The Reserve Bank of India (RBI) is widely expected to hold interest rates steady at 5.25% during its policy decision on Wednesday, its first since the outbreak of the Iran war, even as the Indian rupee plunges to record lows against the US dollar.[3][7] According to Bloomberg Economics, the central bank faces the dual challenge of supporting economic growth while confronting a sharply weaker currency, battered by surging oil prices and global uncertainty.[3] The rupee has breached critical levels, hitting an all-time low of 92.63 per dollar on Tuesday and slipping past 93 on Friday, with some reports noting it crossing 95 amid relentless pressure.[2][3][4][5]
This depreciation stems directly from the Iran conflict's disruption of global energy supplies, particularly around the Strait of Hormuz, a vital route for oil shipments. India, Asia's third-largest oil importer, relies heavily on foreign energy, and Brent crude prices hovering around $100 per barrel have spiked import costs, boosting dollar demand and widening the current account deficit.[1][2][4][5] FX strategist Abbas Keshvani of RBC Capital Markets warned of a "slow bleed weaker" in the rupee if the war drags on, highlighting risks from capital outflows, investor caution, and potential declines in Gulf remittances alongside tighter US H1-B visa policies.[1][5] Foreign investors have pulled back, adding to the strain, while the RBI has intervened aggressively, capping banks' end-of-day positions at $100 million to curb speculative bets against the rupee—its most significant action in over a decade.

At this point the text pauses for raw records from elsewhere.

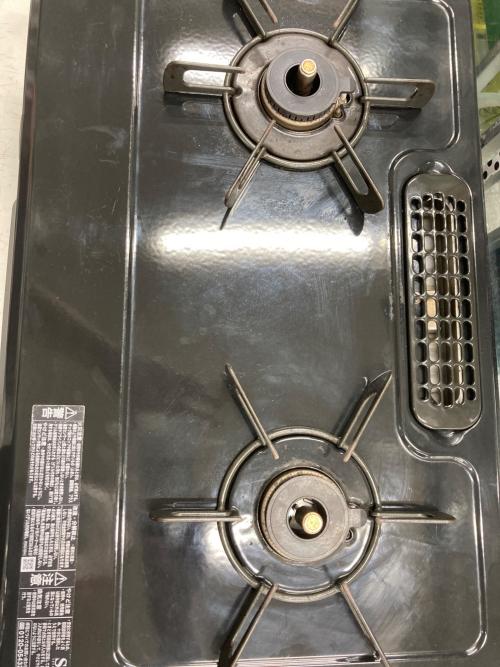 Rinnai (リンナイ) LPガステーブル PSLPGマーク有 KG67BKL 2021年製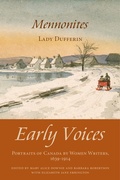 Cover: Mennonites - Dundurn Press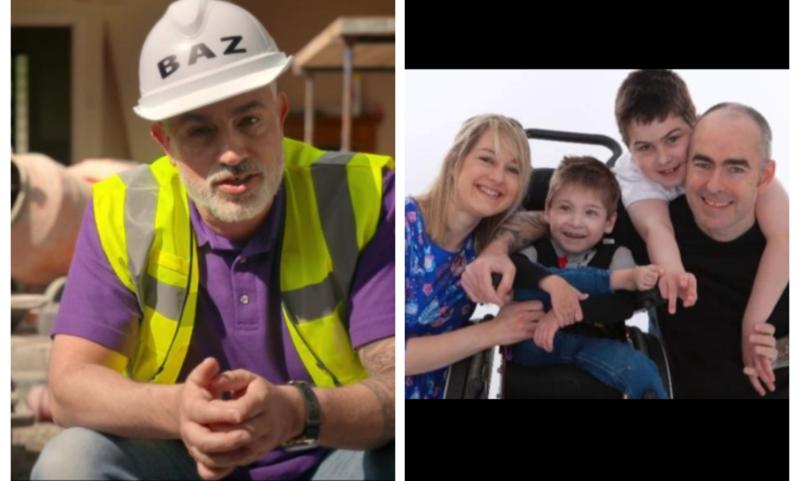 Baz Ashmawy 'devastated' as DIY SOS family hit with tragic death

The fallout ripples across India's economy and households. Higher import bills are fueling inflation, making everyday goods, electronics, energy, and foreign travel more expensive for consumers.[2][4] Sectors like airlines and manufacturing feel the pinch from doubled jet fuel prices and elevated commercial LPG rates, while a weaker rupee erodes purchasing power.[4] On the flip side, export-oriented industries such as IT and pharmaceuticals could see gains from stronger dollar earnings.[4] Over the past year, the rupee has depreciated around 10%, with a 5% slide in the last six months alone, underscoring pre-existing vulnerabilities like external imbalances.[4][5]
What happens next hinges on the war's trajectory. Analysts caution that prolonged conflict could push the rupee toward an unprecedented 100 per dollar, as options markets price in further weakness despite RBI measures offering only temporary relief.[5][6] US President Donald Trump has suggested a resolution in two to three weeks, but recent US military buildups raise escalation risks.[5] Increased American presence in the region adds uncertainty, potentially deepening oil shocks.[5] For now, a rate pause signals the RBI's priority on growth amid these headwinds, though economists note the policy clouds from geopolitical tensions could force future adjustments.[3]
This scenario affects millions of Indians, from remitters in the Gulf to urban households facing rising costs, and businesses navigating volatile forex. A sustained weak rupee threatens broader economic strain, including higher EMIs if rates eventually rise, while underscoring India's exposure to global energy routes.[7] Markets await Wednesday's decision for clues on the RBI's rupee defense strategy and inflation outlook.[3]